When 17-year-old Brian Mullen went up to bat for the first time in the championship game of the Reviving Baseball in Inner Cities League earlier this month, he couldn’t quite believe he was actually playing a game at Wrigley Field. So he took his time and walked slowly to the plate and let the feeling sink in. The left handed hitting catcher thought of all the great players who had stood where he was standing.

“Babe Ruth batted in the left handed batter’s box that I batted in,” Mullen said. “I thought that was really amazing. When I came up to bat I did just take some extra time to just look around and admire it.”

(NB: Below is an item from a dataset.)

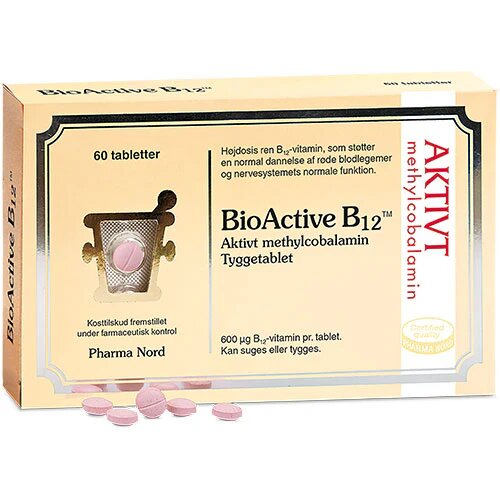 Bioactive B12 60 Tabletter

Mullen and another Forest Park teenager, 17-year-old David Sims, played at Wrigley Field on Aug. 12 as part of a team called the Riots, named after Cub shortstop Ryan Theriot. The squad was composed largely of players from Walther Lutheran High School. They lost the championship of the Chicago RBI League 5-4 to the Little Bulls – named for Cubs pitcher Carlos Zambrano.

Sims, a senior at Proviso Math and Science Academy who plays on the Proviso East baseball team, joined Riots after his Proviso East team dropped out of summer play because they lacked enough players. Left without a team this summer, Sims bumped into Mullen, a middle school classmate and former Forest Park Little League teammate, at a Little League game where Mullen was watching his cousin.

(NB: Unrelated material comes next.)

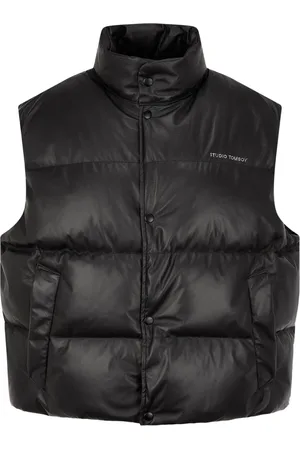 Studio Tomboy Leather down vest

Mullen invited Sims to play with the Walther Lutheran summer team. The team played in the RBI league as well as a league in DuPage County. The RBI league is sponsored by the Cubs.

The RBI program was begun by Major League Baseball in 1992 and aims to increase the participation of inner city kids in the sport. Walther Lutheran, a suburban private school, is part of the league because its team typically includes a mixture of city and suburban kids. Two years ago Mullen made an RBI all star team and played in a national tournament in California.

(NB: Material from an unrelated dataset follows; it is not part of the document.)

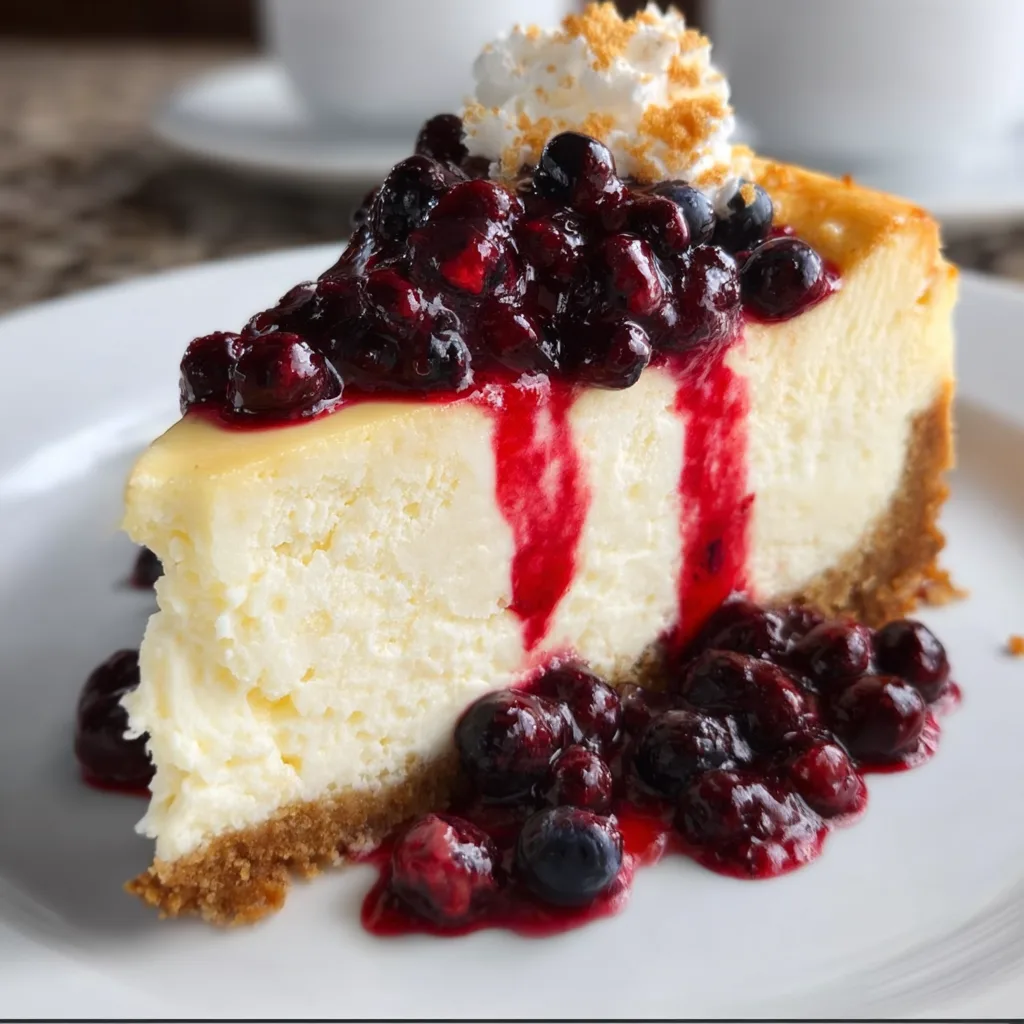 Delicious New York Cheesecake with Berry Twist Recipe | Creamy & Fruity Dessert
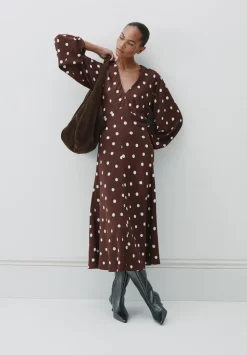 Grace V-Neck Long Sleeve Dress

Sims got a late start in baseball, not really playing the game until he was 11 years old. Up to then he had played mostly soccer, but quickly took to the diamond.

“Once I started playing I was like a natural,” Sims said. “I was good at it. I just like the game. It’s fun to play. It’s my favorite sport.”

Sims, an outfielder, pinch hit and played three innings in left field during the championship game, patrolling the same ground as Cubs outfielder Alfonso Soriano.

He walked in his only at bat and scored from second base.

Standing on first base, Sims tried to soak up the surroundings.

“I was looking around the whole park,” Sims said. “It was a good feeling. I was scared at first when I was leading off the base because I wanted to stay there as long as possible.”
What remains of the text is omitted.